Disana kami melakukan perkenalan dengan kepala puskesmas dan instruktur
lapangan dr. Dwi Cahyanti, menyerahkan berkas kelengkapan Field Lab, serta
pembekalan singkat mengenai teknis kegiatan yang akan dilakukan pertemuan
selanjutnya. Untuk pertemuan selanjutnya kami diminta datang pukul 7.30 dan
mengikuti apel pagi.

C. Kegiatan Lapangan Hari Pertama (Rabu, 22 Maret 2017)


Kegiatan lapangan hari pertama dilaksanakan hari Rabu tanggal 22 Maret
2017. Kami berangkat sekitar pukul 06.30 WIB dan sampai di Puskesmas sekitar
pukul 07.20 WIB. Setiba di puskemas, kami menuju lokasi apel di depan
puskesmas kalijambe. Kami mengikuti apel bersama pegawai-pegawai
puskesmas. Setelah itu kami masuk ke aula puskesmas dan melakukan latihan
soal mengenai kasus yang sering ditemukan pada MTBS.
Kami diberikan form mengenai MTBS dan kami diajarkan cara
menggunakan form MTBS. Materi ini berikan oleh dr. Dwi Cahyanti selaku
instruktur lapangan dan petugas yang bertugas di poli Kesehatan Ibu dan Anak
(KIA). Setelah pembekalan materi, kami berdiskusi mengenai teknis pelaksanaan
MTBS untuk pertemuan selanjutnya. Pada pertemuan selanjutnya kami dibagi
menjadi 6 kelompok, yang masing-masing berisi 2 orang.

D. Kegiatan Lapangan Hari Kedua (Rabu, 19 April 2017)


Pada pertemuan kedua (Rabu, 19 April 2017), kami berangkat sekitar
pukul 06.30 WIB dan sampai di Puskesmas sekitar pukul 07.20 WIB. Setiba di
puskemas, kami menuju lokasi apel. Kami mengikuti apel bersama pegawai-
pegawai puskesmas. Setelah itu kami masuk ke ruang KIA, sembari menunggu
pasien yang datang, kami mempelajari form MTBS dan buku panduan MTBS.
Ketika pasien datang, maka 1 kelompok menganamnesis dan mengisi form
MTBS sesuai dengan keluhan pasie dan kemudian bergantian dengan kelompok
selanjutnya.

E. Kegiatan Lapangan Hari Ketiga (Rabu, 3 Mei 2017)

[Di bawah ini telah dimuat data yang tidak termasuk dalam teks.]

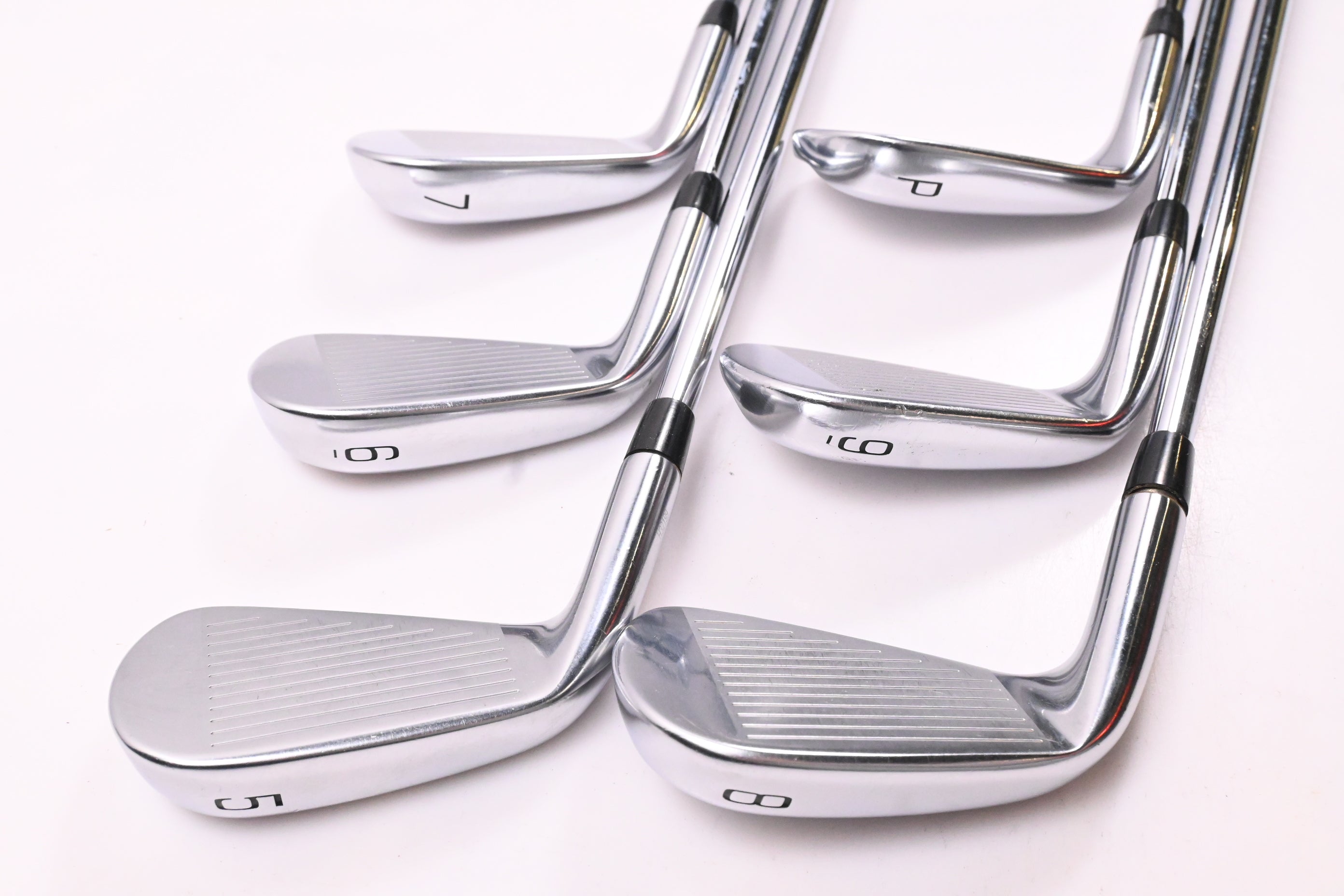 Mizuno Pro 225 Irons / 5-PW / Regular Flex Dynamic Gold 105 R300 Shafts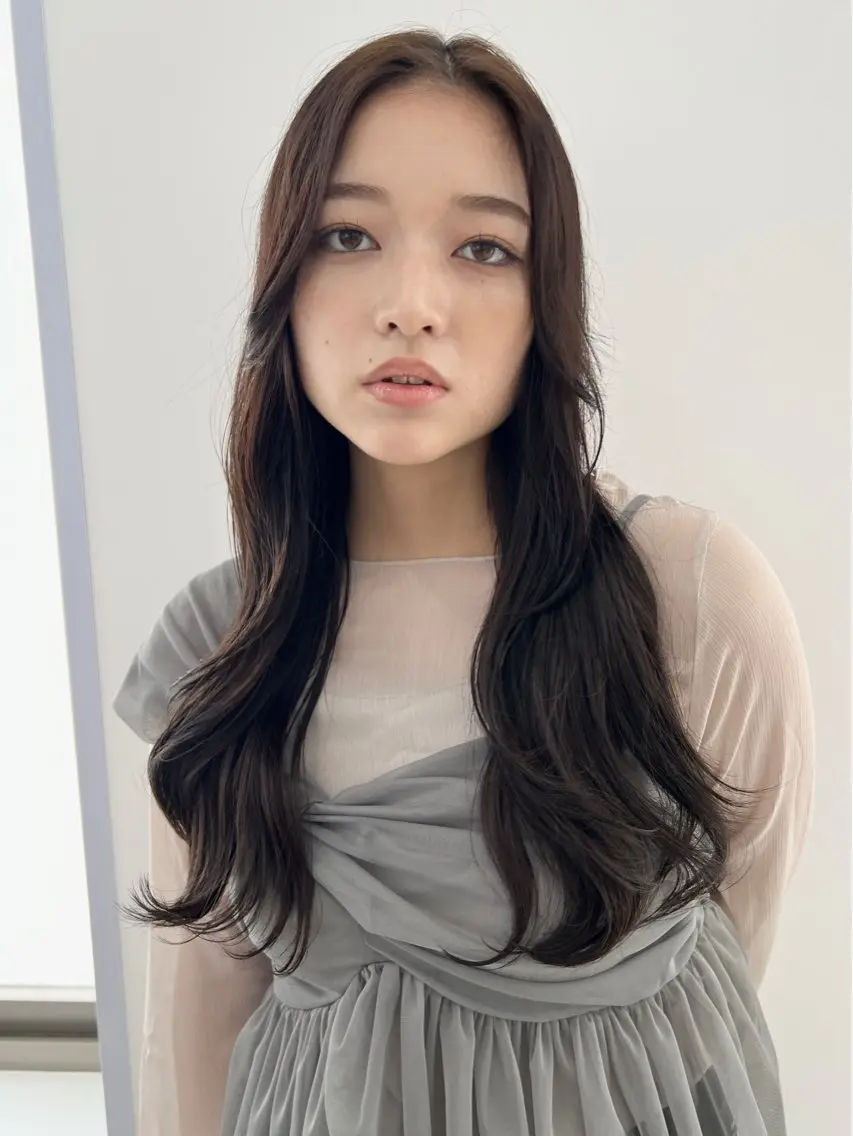 ロング ロングレイヤー アッシュ くびれヘア 韓国風ヘア くびれレイヤー カット ヘアカラー トリートメント 高木 麻知子のヘアスタイル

Pada pertemuan terakhir ini, kami melakukan presentasi laporan
mengenai kasus yang kami dapatkan pada pertemuan sebelumnya. Kami juga
menerima segala kritik atau saran dari Kepala Puskesmas Kalijambe atas laporan
yang telah kami buat. Setelah selesai presentasi kami berpamitan dengan seluruh
pegawai puskesmas yang telah berbaik hati menerima kami selama kegiatan ini.
BAB III

PEMBAHASAN

A. KASUS 1:

Anak L usia 37 bulan datang dengan demam sejak sehari yang lalu.

1. Tanda bahaya umum :


a) Riwayat kejang : disangkal.
b) Anak masih mau minum.
c) Letargis : negatif.
d) Riwayat muntah : negatif

2. Data pemeriksaan tanda vital :


a. Berat badan : 11,1 kg
b. Suhu : 39 oC.

3. Data pemeriksaan fisik :


a. Kesadaran : Compos mentis (tidak letargis).
b. Tarikan dinding dada : positive.

4. Status Gizi : baik

5. Imunisasi yang diberikan : lengkap


a. 0 bulan : Hepatitis
b. 1 bulan : BCG dan Polio 1
c. 2 bulan : DPT/ Hb 1 dan Polio 2
d. 4 bulan : DPT/Hb 2 dan Polio 3
e. 6 bulan : DPT/ Hb 3 dan polio 4
f. 9 bulan : campak

Dari data dan anamnesis di atas, diketahui pasien mengalami


demam sejak sehari yang lalu dengan tanpa pilek atau menderita campak
dalam 3 bulan terakhir serta tanpa risiko malaria.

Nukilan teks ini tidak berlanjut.